You need a strategy to answer the “what is your greatest strength” interview question
You need to be prepared and decide how you are going to answer the question ahead of time. That thinking involves an honest self-inventory. You need to narrow down your strengths to one, but not more than three, choices and craft an answer that seamlessly incorporates those strengths.
The strengths you want to highlight should have already been mentioned on your job application, résumé, and cover letter. Your strengths need to be backed up with proof, and you need to be prepared to demonstrate how those strengths contributed to what made your résumé stand out—your past contributions and accomplishments, which are the best indicators of future performance.
Choose 1 to 3 from the following inventory of valued strengths and determine which are relevant to the job requirements, and you have demonstrated in the past:
- You are disciplined and focused.
- You are resourceful and seek challenges.
- You are detail-oriented.
- You are a fast learner and seek improved ways of doing the work faster, better, and more successfully.
- You are loyal and trustworthy and will keep the interests of the organization always as your first priority.
- You are commercially aware; that is, you know what the company does, whom it serves, and how it has been successful in the past.
- You are a collaborative worker and understand the value and purpose of teamwork.
More advice on techniques for answering “What is your greatest strength”
While the answer to the “what are your weaknesses?” interview question should be short, it is important not to gloss over the “What is your greatest strength?” question. That is because the interviewers are looking for answers to the following:
- Do you know your own strengths?
- Is your self-image and statement of accomplishments backed up with evidence?

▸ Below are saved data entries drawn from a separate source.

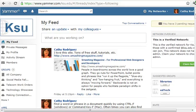Hello, I'm Kathy Rodriguez from the Information Technology Assistance Center and in this video I'm going to go over how to create events in Yammer.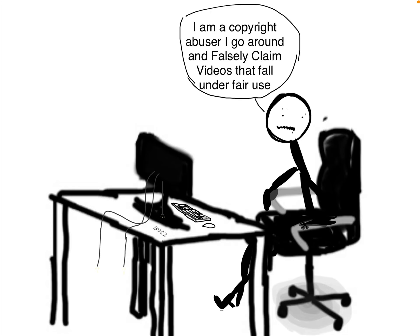I have a copyright abuser I call Ralph, falsely claiming videos that definitely fall under fair use.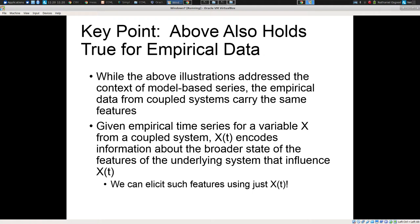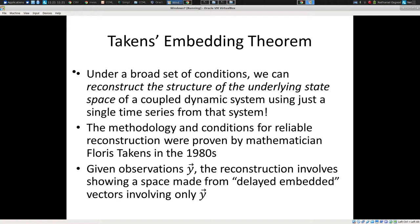If we have a variable from the world taken over time, we can use it to learn about other things in the world. In the 1980s, Floris Takens, a mathematician of some note, demonstrated that this is provably the case: if you have a complex system with rather modest assumptions, you can go through a structured, defined, quite mechanical process to learn about the broader system of which this variable is a part.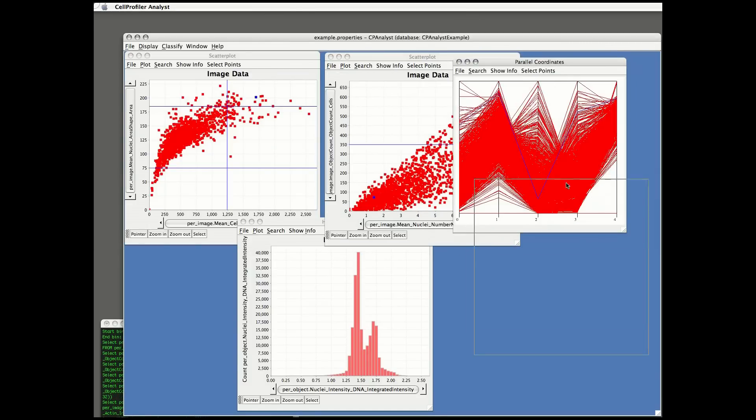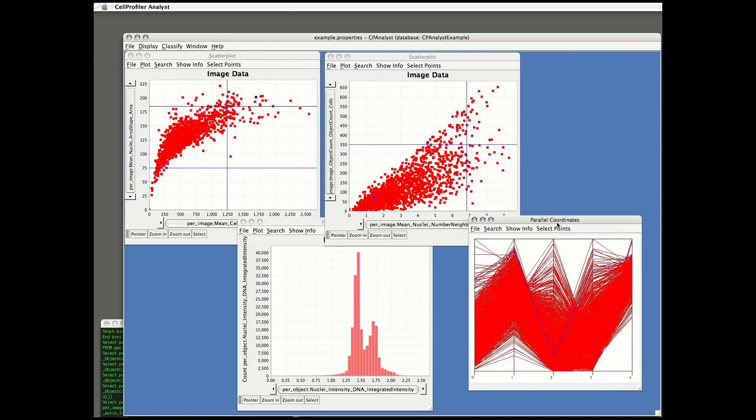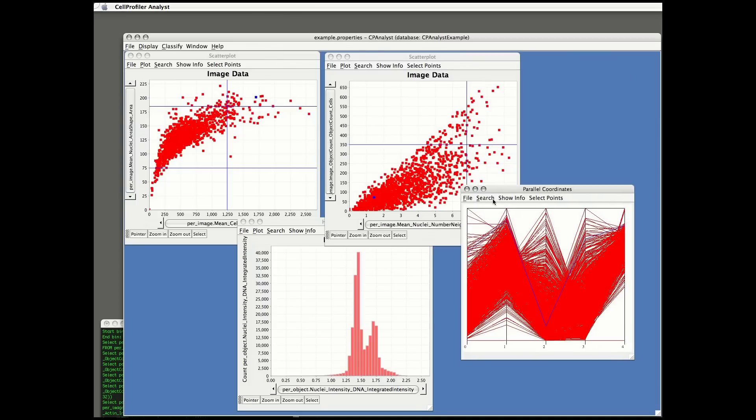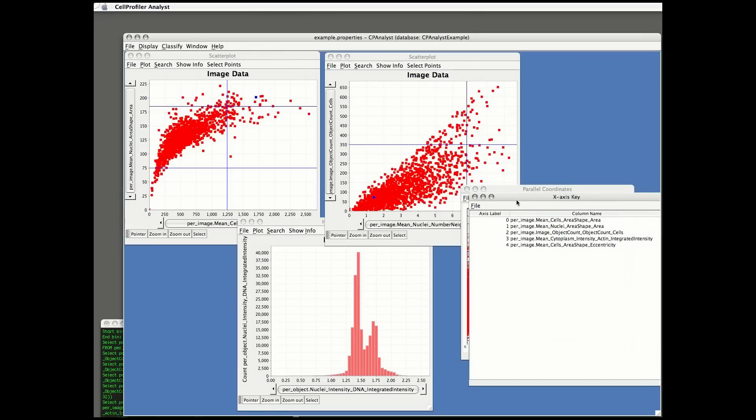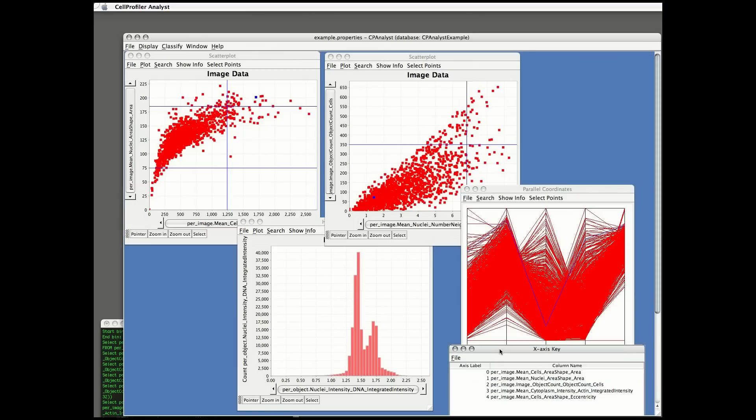In the parallel coordinates plot, I'm going to show the identity of the axes by choosing Show Info and Show Axes. You can see the five y-axes that are shown in the plot.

- Are your strengths relevant to the job they are seeking to fill?
You must avoid the impression that you’re struggling to get the question behind you. Be humble and don’t brag or ramble.
Do your research and get more suggestions on how to describe what are your top strengths
There is plenty of advice available on the web and elsewhere on how to answer the “what is your greatest strength” interview question. For example, in his YouTube presentation, British job interview expert Richard McMunn provides a quick overview and advice, and a well-crafted sample response incorporating his three favorite strengths.